Even more important, talent acquisition teams must find ways to attract latent workers—those who are not in the workforce at all, and not actively seeking a traditional job at a traditional employer, but who might return with the right offer and under the right conditions. Maybe they are burned out and on an indefinite break. Maybe they left the workforce during the pandemic to take care of their kids but are considering a return now that schools are getting back to normal schedules. Based on our conservative calculations, this untapped source of labor could be as many as 23 million people.4
It is incumbent upon talent acquisition teams to identify and woo these potential candidates—and to do so quickly. The longer these workers are sidelined, the more training they will need to get back up to speed with certain skills (Exhibit 4).
To reach nontraditional workers, companies must actively lower the barriers to entry and rethink requirements for certain roles. For example, do candidates really need an advanced degree to fill a critical role, or will a certificate of specialization or an apprenticeship suffice? Consider one possible cohort of nontraditional workers: those who have had run-ins with the law. Many states now have “ban the box” policies that require companies to remove any questions about convictions or arrest records from job applications and to delay background checks until later in the hiring process.5 For some companies, this change—along with the existence of organizations such as Homeboy Industries, which provides placement services and support for former gang members looking to reenter the workforce—could help them access nontraditional talent.
To reach latent workers, companies must be willing to change their approaches to hiring. Instead of using the same old online hiring platforms and keeping their searches local, talent acquisition teams should think creatively about their referral programs—for instance, launching a personalized “phone two friends” campaign, asking existing employees to recruit within their networks—and acknowledge that the best candidates may be outside the immediate radius of the company’s headquarters.
Even before doing any outreach, employers should consider the critical skills that the company requires and determine the universe of potential candidates inside and outside the company who possess these skills. Is that universe shrinking or growing—now, and five years from now? How many tasks could be automated? One financial institution performed such an analysis and realized that salespeople were spending the bulk of their days processing orders and managing documents rather than pursuing actual sales.6 With this information in hand, business leaders could redefine and reassign roles in a way that would not only be more meaningful and manageable for overworked employees but also create more value for the company.
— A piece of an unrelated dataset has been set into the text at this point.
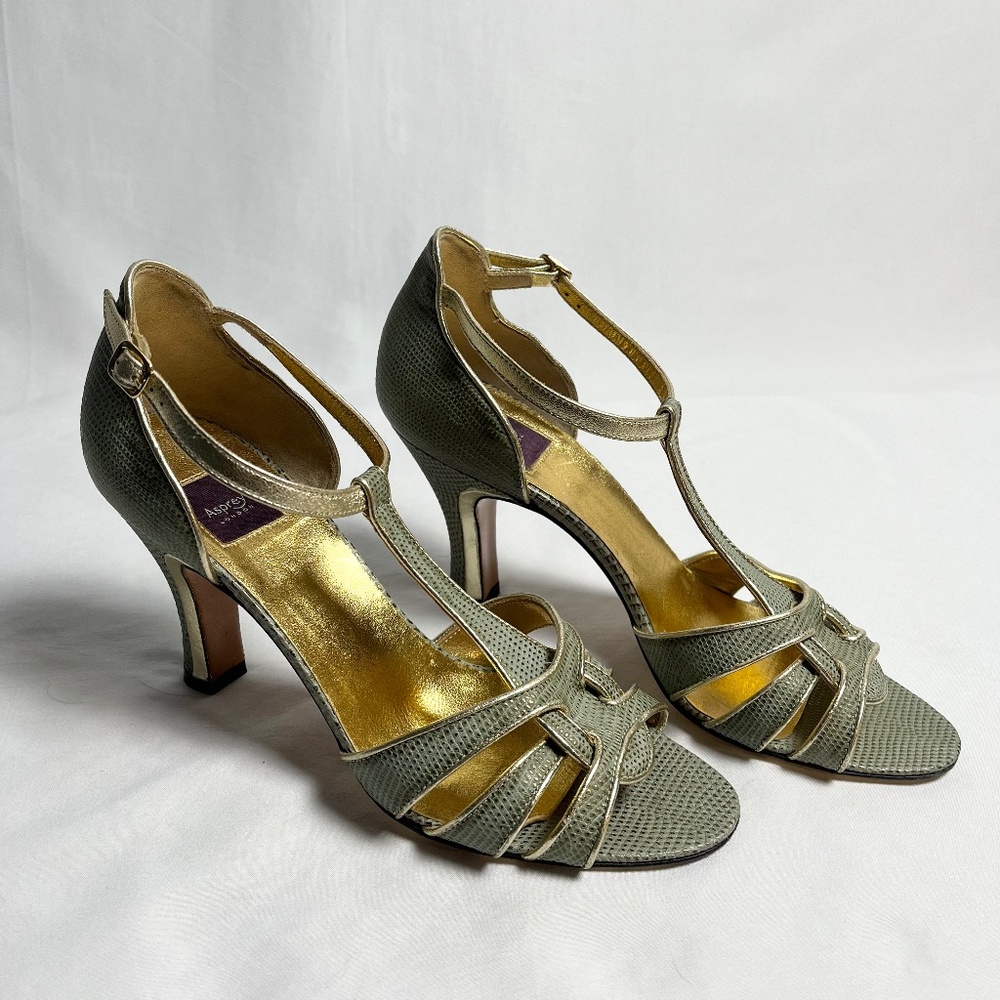 Vintage snakeskin heels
The new competition for talent is not just about employers competing with one another to find the best workers; it’s about employers acknowledging the many choices that today’s workers have and finding effective ways to compete against all those options. The old playbooks won’t work. Even for those companies that end up figuring out how to bring some people back, there will be inevitable setbacks (and further waves of attrition) if they can’t figure out how to retain those workers.
By following the principles offered here, however, companies can start to build a true capability in attraction and retention, transform themselves into destination workplaces, and meet the ever-changing needs of this and next-generation workforces.